## YOUR GOAL
Go through the lines below and transcribe each one exactly.

## RAW DATA

******

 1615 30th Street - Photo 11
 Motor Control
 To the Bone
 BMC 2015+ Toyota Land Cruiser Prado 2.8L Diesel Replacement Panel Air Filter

******

## REPLY
 1615 30th Street - Photo 11
 Motor Control
 To the Bone
 BMC 2015+ Toyota Land Cruiser Prado 2.8L Diesel Replacement Panel Air Filter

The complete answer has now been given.